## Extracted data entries
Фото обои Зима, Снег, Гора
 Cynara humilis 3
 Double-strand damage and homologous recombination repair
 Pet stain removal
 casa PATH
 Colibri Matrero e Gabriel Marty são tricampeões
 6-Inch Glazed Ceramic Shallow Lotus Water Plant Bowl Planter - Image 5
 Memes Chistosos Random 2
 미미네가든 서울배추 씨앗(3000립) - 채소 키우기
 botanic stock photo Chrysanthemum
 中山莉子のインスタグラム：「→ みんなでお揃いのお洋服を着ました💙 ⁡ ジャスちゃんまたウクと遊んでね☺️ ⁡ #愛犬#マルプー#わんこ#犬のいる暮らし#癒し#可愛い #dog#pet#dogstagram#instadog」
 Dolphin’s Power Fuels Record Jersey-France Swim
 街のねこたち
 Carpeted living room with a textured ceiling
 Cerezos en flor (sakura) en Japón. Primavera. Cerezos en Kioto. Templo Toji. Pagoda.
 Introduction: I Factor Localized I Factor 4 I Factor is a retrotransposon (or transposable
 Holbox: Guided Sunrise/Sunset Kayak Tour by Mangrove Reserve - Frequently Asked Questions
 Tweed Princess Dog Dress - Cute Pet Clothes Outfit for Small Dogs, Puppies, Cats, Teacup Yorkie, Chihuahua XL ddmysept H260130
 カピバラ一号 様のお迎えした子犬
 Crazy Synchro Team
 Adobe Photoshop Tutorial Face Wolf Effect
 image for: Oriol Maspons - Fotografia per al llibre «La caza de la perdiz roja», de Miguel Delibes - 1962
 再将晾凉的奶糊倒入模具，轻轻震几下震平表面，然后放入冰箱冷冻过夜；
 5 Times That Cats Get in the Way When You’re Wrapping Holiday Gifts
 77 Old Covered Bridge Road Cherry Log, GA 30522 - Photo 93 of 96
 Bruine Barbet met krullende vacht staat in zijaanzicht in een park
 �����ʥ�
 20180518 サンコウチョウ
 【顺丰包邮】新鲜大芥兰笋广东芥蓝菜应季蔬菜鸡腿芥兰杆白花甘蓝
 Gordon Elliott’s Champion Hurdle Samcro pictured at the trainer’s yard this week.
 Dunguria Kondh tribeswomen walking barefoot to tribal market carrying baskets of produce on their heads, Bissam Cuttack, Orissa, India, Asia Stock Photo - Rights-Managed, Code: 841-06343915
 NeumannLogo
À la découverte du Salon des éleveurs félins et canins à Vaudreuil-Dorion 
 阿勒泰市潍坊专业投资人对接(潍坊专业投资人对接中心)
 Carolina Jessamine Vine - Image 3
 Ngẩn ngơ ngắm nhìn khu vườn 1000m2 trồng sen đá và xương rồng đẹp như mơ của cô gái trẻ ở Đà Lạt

## Goal of the exercise
Check each line in the records for the word "Cats" and say how many have it, with nothing else.

## Written solution
2